Wednesday, January 2, 2013

Astronomer to Data Scientist

I recently made the transition from astrophysics researcher to data scientist for a tech company (Yammer / Microsoft). Below are suggestions for people in academia / research who are interested in pursuing a tech job.

Most tech companies are interested in smart, talented people who can learn quickly and have good problem solving skills. Scientists have these attributes. Therefore if you apply for jobs at tech companies, you'll likely get at least a response from a recruiter. However, once you get an interview, there are many other skills that the company will try to assess, skills that you may or may not have already.

Below are some tips which will help you both in the application / interview process, as well as on the job at a tech company. 

1) Learn a Standard Language
Sorry astronomers, but IDL isn't going to cut it if you want to get a tech job. You need to learn one of the industry-standard programming languages. Python, Ruby, Java, Perl, and C++ are all good languages to pick-up. It would also be good to learn a statistical analysis package like R, SAS, SPSS or Excel, as well as a visualization package to show your results. Some jobs, involve a coding interview. These require some knowledge of computer science algorithms. Look online, there are many example coding problems for you to practice. 

2) Learn About Databases
"Big data" is the Web 2.0 it-word. If you want to play with big data, you are going to need to learn how to manage, handle, and access it. SQL is a must. It would be great if you could also familiarize yourself with Hadoop/MapReduce and Hive. 

3) Brush-up Your Stats
Many of the tech interviews involve doing complicated math, probability, statistics, brain-teasers, and open-ended problems. Dust off some of your old statistics text books or pick up a book about data analysis using one of the above languages. Search online for past interview questions of the companies you are applying to. 

4) Communication is Key
To be effective in a tech job, not only should you be able to program, analyze data, and solve problems -- you need to easily explain your work to people who aren't very technical. Communication is incredibly important for these roles, and a huge part of the interview process is gauging how well you explain complicated ideas to a lay-person. There are many opportunities to practice this skill within academia, so give many talks, teach classes, tutor, volunteer, or do whatever you can to become very comfortable explaining technical ideas to people with different backgrounds and skill levels. 

5) Convert Your CV into a Resume
There is a difference, and it is important. People at tech companies get 100's of resumes. It is important to succinctly highlight the skills you bring to each job. It's great that you have published dozens of papers, given lots of talks, and taught many classes... but what is more important are the skills you acquired from those experiences. Resumes should only be 1-2 pages. Look at the skills required for the job you are applying for, and then try to demonstrate those skills by listing the relevant experience. 
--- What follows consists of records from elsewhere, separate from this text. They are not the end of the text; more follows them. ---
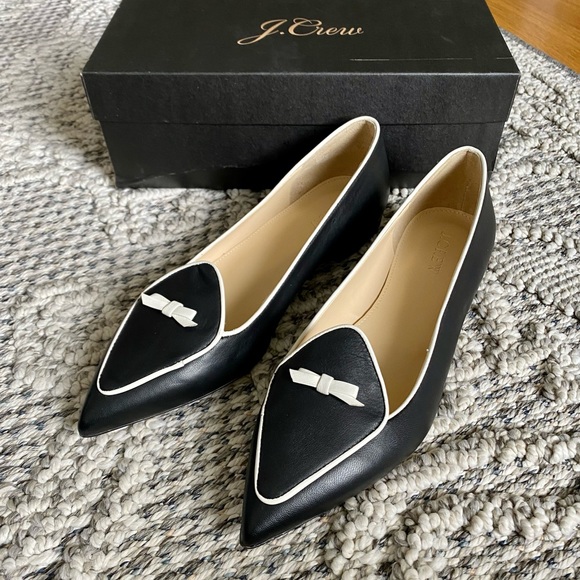 J Crew Two Color Loafer
Size 7
Color Black with white trim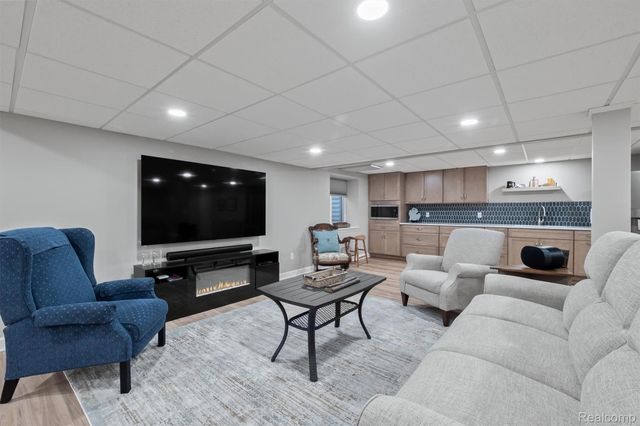 49121 Garrett Court, Macomb Township, MI 48042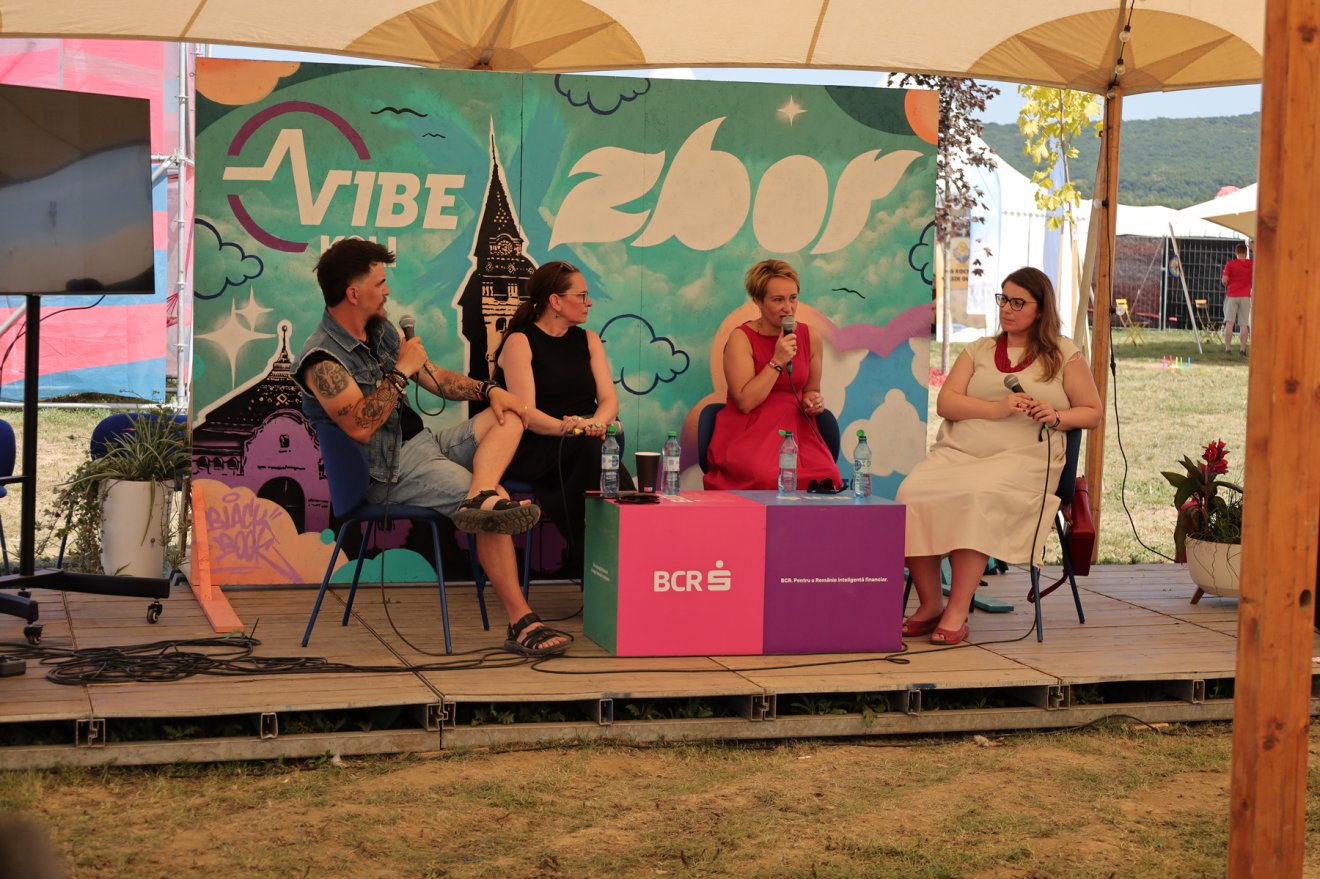 Akárcsak B. Szabó Zsoltnak, aki az erőszak elleni panelbeszélgetést vezette •  Fotó: Fülöp-Sala Balázs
6) Academic vs. Business Problems
In academia the goal is usually to get the most accurate solution possible. Time and efficiency are less important than doing something thoroughly and rigorously. In business the goal is to increase your company's value. Therefore any task must both optimize accuracy AND value. This is a difficult transition for many academics to make. Spend some time reading TechCrunch and other such sites to help familiarize yourself with the various metrics and problems that tech companies care about. Be prepared to work on short deadlines and to be able to prioritize tasks in order to increase the value of your work. Keep this in mind when answering open-ended interview questions such that you demonstrate your understanding of this difference. 

7) Do an Internship or a Project
The best way to get your foot in the door of a tech company is to do an internship. Many of the major tech companies have paid summer internships that will introduce you to this type of work, as well as teach you many of the above skills. The Insight Data Science Fellowship is an internship specifically designed for helping academics transition into tech positions. If you are unable to take the time off from your current job, then consider doing a project on your own. Create an application for your phone, or do a research project with one of the many free data sources out there. This will give you insight into the work you might do at a tech company, and an important set of talking points for interviews.
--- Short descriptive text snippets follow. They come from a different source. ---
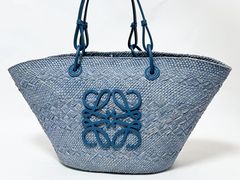 LOEWE ロエベ アナグラム トートバッグ バスケット イカラ カーフスキン ブルー A223T43X27 新品同様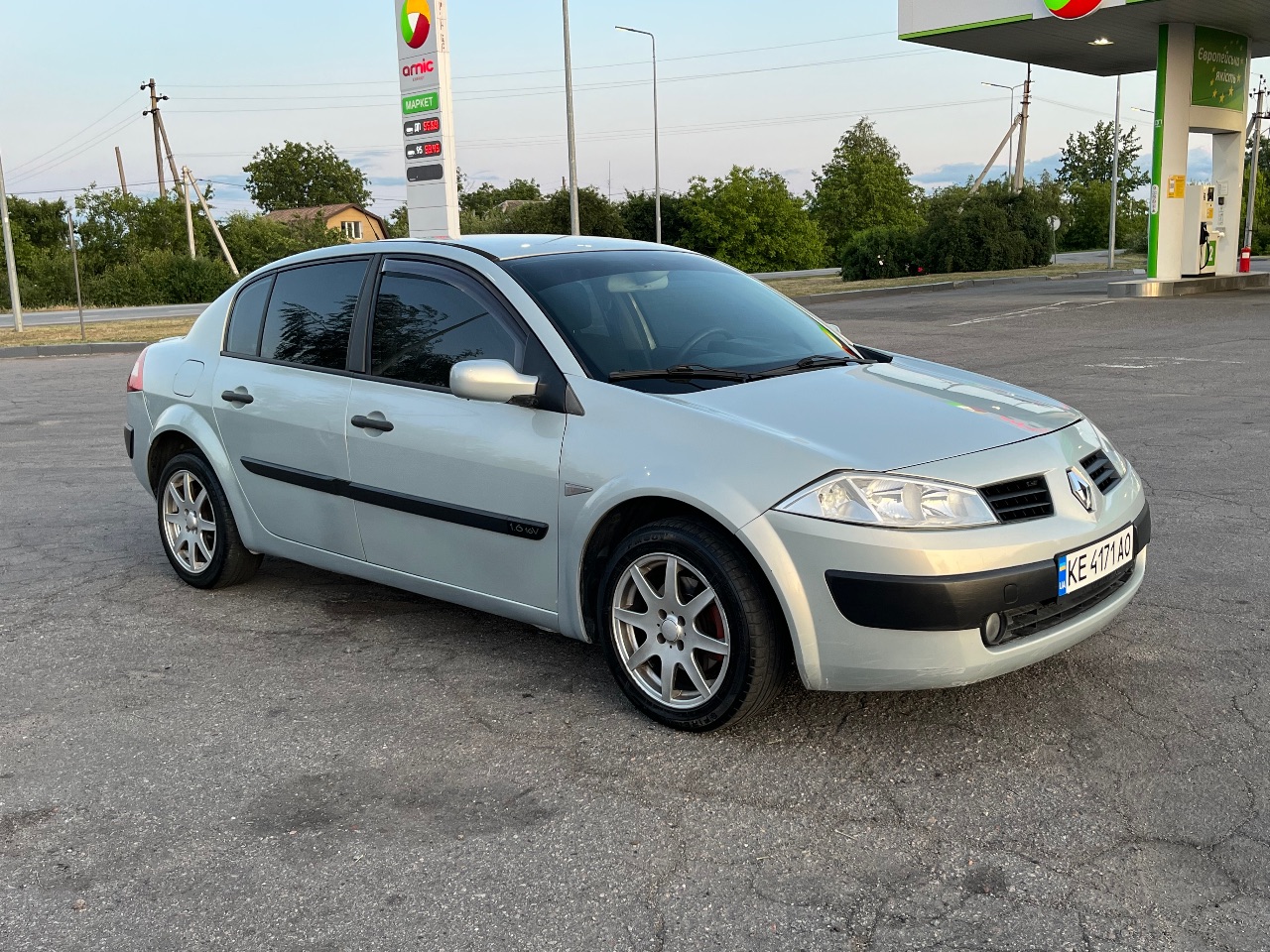 Renault Megane - фото 1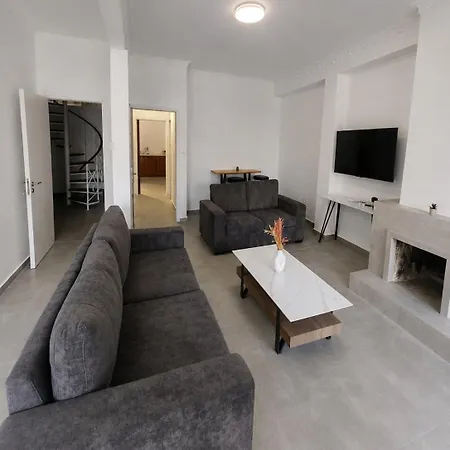 Case de vacanță Maestro Ermou House *
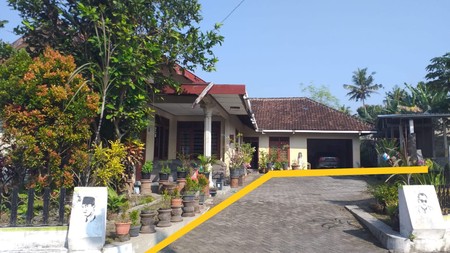 Tanah 721 Meter Persegi Cocok Untuk Rumah Tinggal Lokasi Dekat SCH Sleman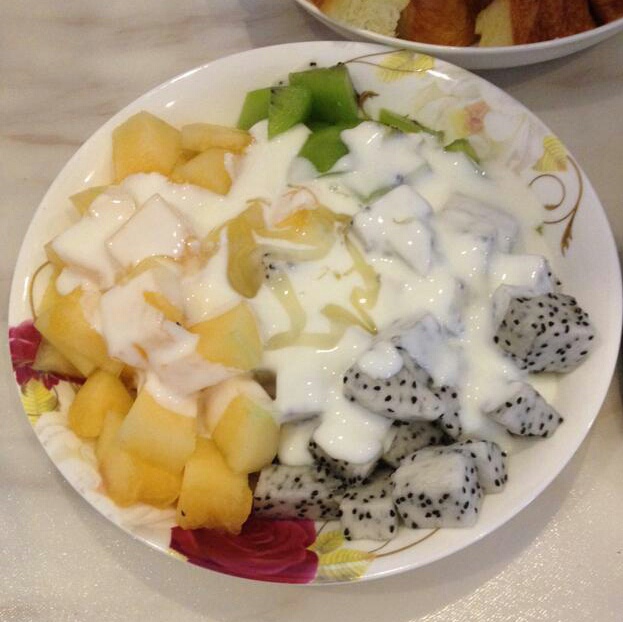 缤纷水果酸奶沙拉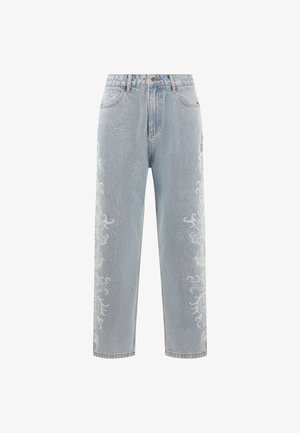 Jeans in denim azzurro chiaro con un taglio comodo. Presentano un ricamo bianco intricato lungo i lati e un classico design a cinque tasche.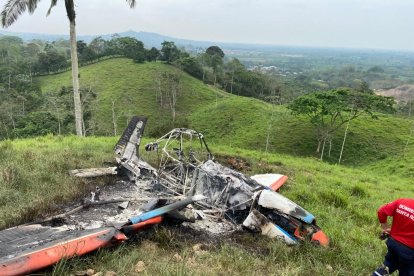 Personal del Cuerpo de Bomberos de Santa Rosa, llegó al sitio para enfriar el área.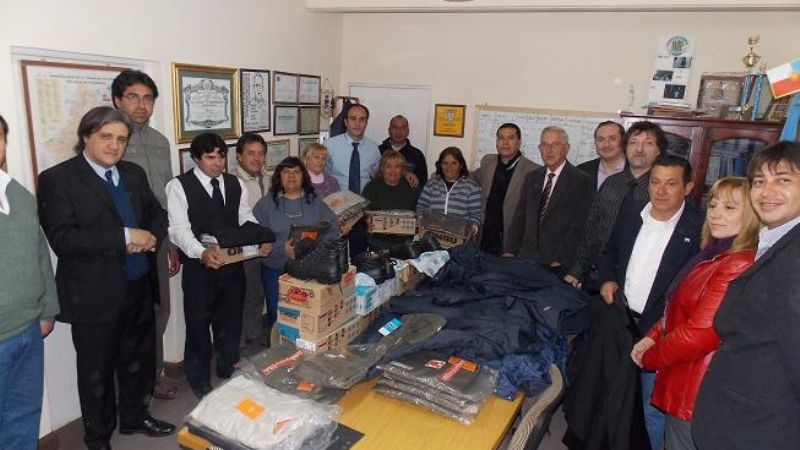 Entregan indumentaria a empleados del CD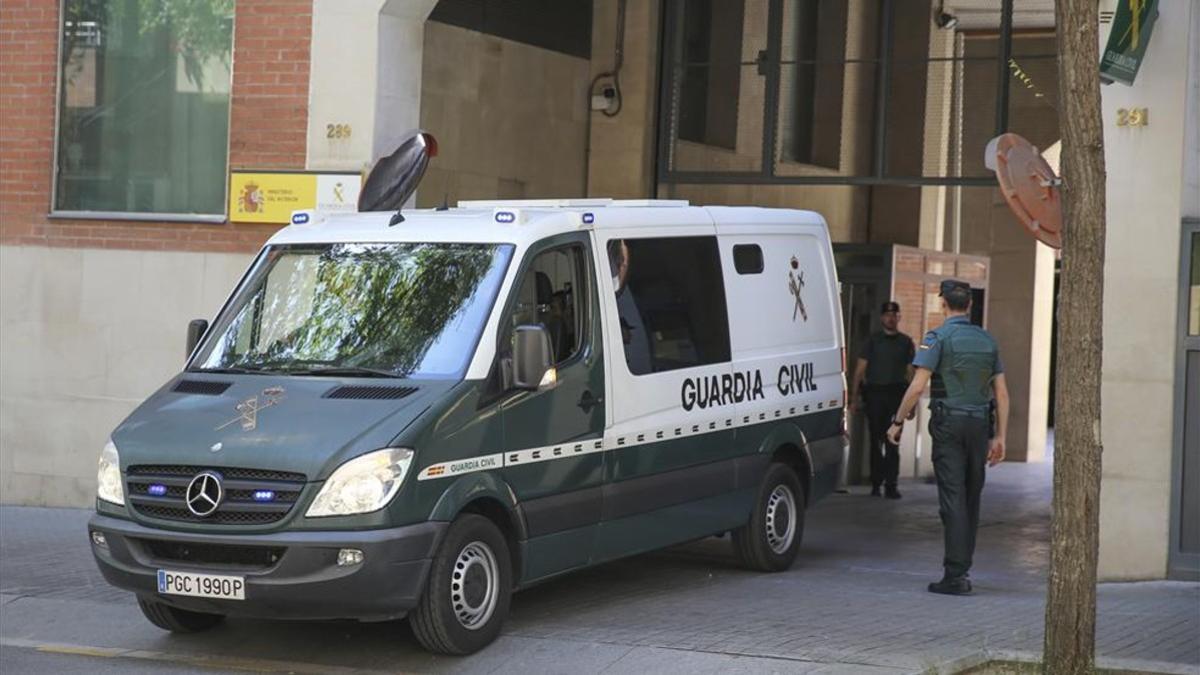 Rosell ha abandonado el cuartel en una furgoneta de la Guardia Civil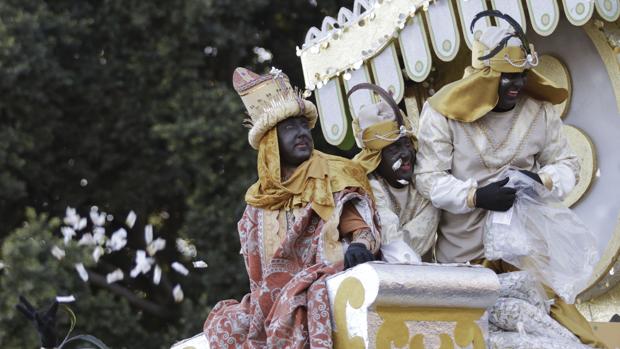 Cabalgata de Reyes Magos 2019 de Sevilla: Los ojos del Rey Baltasar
If you have more questions about making the transition from academia to tech or the tech interview process, feel free to contact me.


Anonymous said...

This is awesome btw. Concise, clear, and pure awesome. (Comment ported from Astrobetter).

Johanna Teske said...

What is the recommended course of action for meeting some of these recommendations? Just read books? Are there good online courses (I'm thinking for SQL in particular)? Thanks for a very helpful post!

Chris said...

I'm a recruiter for a hedge fund that employs dozens of physicist researchers (we're data driven) and this is very good advice. The only thing I would add is come prepared to explain your motivations for wanting to move to industry. It's important you can convince your future employer that you are moving for the right reasons.

berkeleyjess said...

Johanna, there are many (free) courses online which can be helpful for learning some of these skills, but I would highly recommend doing a project or internship over simply reading a book or doing a course.

Some good online sources for introducing you to these skills are outlined in this article.

I agree with Chris that you need to demonstrate an interest in whatever job you are applying for. This is why I suggested reading tech blogs if you want to go into tech. You should also have a clear and convincing answer to the question: "Why do you want to leave astronomy (or whatever your current field is)?"

I plan to follow up this post with another blog entry about the pros and cons of tech versus academia (in my experience). Watch this space.


hardtke said...

I moved from high energy physics to data science several years ago, and I'm surprised how difficult it is to recruit data scientists. It's a seller's market (in the Bay Area at least), even for those without industry experience. Our top candidates are getting multiple offers. The trick, from a job seeker perspective, is to realize how valuable your skill set is. I recently wrote a blog post to help people recruit from academia -- this gives you an idea what it is like from the other side: How to Hire A Data Scientist

Kyle said...

Great article Jess!

Regarding #1, for any astronomers still using IDL, it is getting easier and easier to switch to python. The astronomy python library astropy is quickly gaining functionality and is nearing a new release.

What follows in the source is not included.